I've got a discrete math test coming up, and I've been studying religiously for the past week. Proof styles still frighten me though, I find it hard to wrap my head around them. Right now I am studying case analysis or 'proof by cases', I am looking at an example problem and solution posted by my professor and I need a little help.

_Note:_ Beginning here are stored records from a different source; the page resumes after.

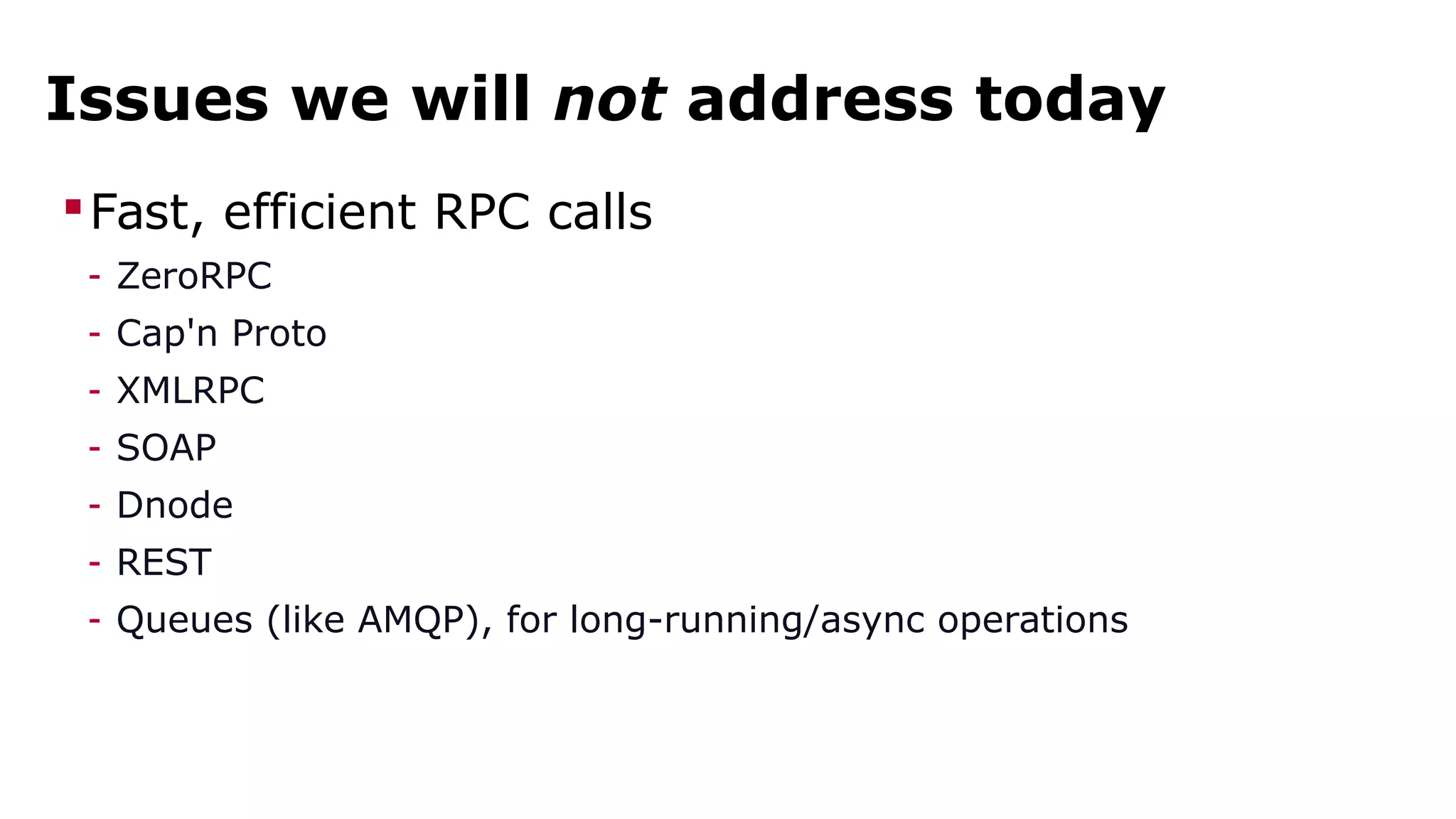 Issues we will not address today 
Fast, efficient RPC calls 
- ZeroRPC 
- Cap'n Proto 
- XMLRPC 
- SOAP 
- Dnode 
- REST 
- Queues (like AMQP), for long-running/async operations 
 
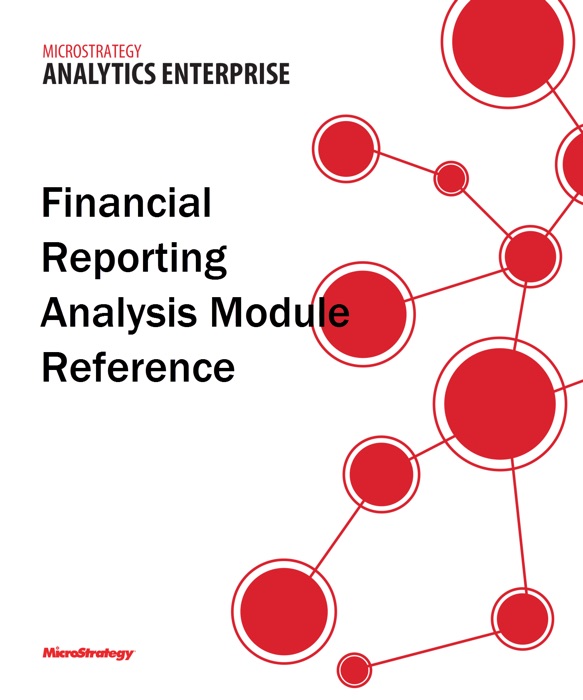 Financial Reporting Analysis Module Reference for MicroStrategy 9.5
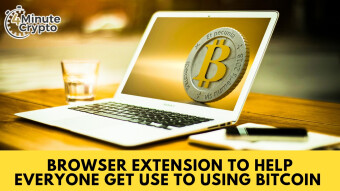 Browser Extension Helps Everyone Get Use to Using Bitcoin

Let the domain of x be the set of all integers. Give a case analysis
proof to prove (All x, x^2 != 5)
Sol:
Case 1: (x >= -2 and x =< 2): x^2 =< 4 < 5
Case 2: (x < -2 or x > 2): x^2 >= 9 > 5
I know case analysis is about splitting the domain into sections and solving each section, but I don't understand why the choice was made to split based on the absolute values of two. Is there any logic I am missing? Could someone talk to me more about the choice made here and case analysis in general?
Best Answer
The idea behind a proof by cases is to prove a statement $R$ seeing that, under the hypothesis, there are two possible cases (argument is similar for more cases); where the first case is the statement $P$, and $Q$ is the second. Thus, if we prove $P \implies R$ and $Q \implies R$, then we can conclude that $R$ is necessarily true. We can summarize with $$(P \implies R) \land (Q \implies R) \quad\implies\quad (P \lor Q) \implies R\,.$$ Since $T \lor \neg T$ is a tautology, it is common to use this to take tha possible cases.
I can show you some examples of proof by cases in set-theory and real-analysis, but I do not if this is what you are looking for.
Remember, the key to prove by cases $P \implies Q$ is to split $P$ in all possibles cases such that $$P_1 \lor P_2 \lor P_3 \lor \dotsm \lor P_n \iff P,$$ then prove $P_i \implies P$ where $i = 1, 2, 3, \dotso, n$.
In your problem, we need to use our "advanced knowledge" to pick the cases for $x^2 \ne 5$. Thus, since we know that for any numbers $a$ and $b$, only one of the three statements $a < b$, $a = b$ or $a > b$ is true. Since we have $x^2 \ne 5$, then must be either $x^2 < 5$ or $x^2 > 5$, but no both. For $x^2 < 5$, we have $S := \{x \in \Bbb Z: -2 \le x \le 2 \}$ satisfies the statement. For $x^2 > 5$, we have $T := \{x \in \Bbb Z: -3 \le x \text{ and } x \ge 3 \} = \{x \in \Bbb Z: -2 < x \text{ and } x > 2 \} $ satisfies $x^2 > 5$. Since $S \cup T = \Bbb Z$, we have our cases, i.e., we have $x \in S \implies x^2 < 5$ and $x \in T \implies x^2 > 5$, which is the same that $(x \in S \text{ or } x \in T) \implies (x^2 < 5 \text{ and } x^2 > 5)$, which is the same that $x \in \Bbb Z \implies x^2 \ne 5$.
Obviusly, this is not a rigorous proof. Also, you can to use the absolute value to ease the notation.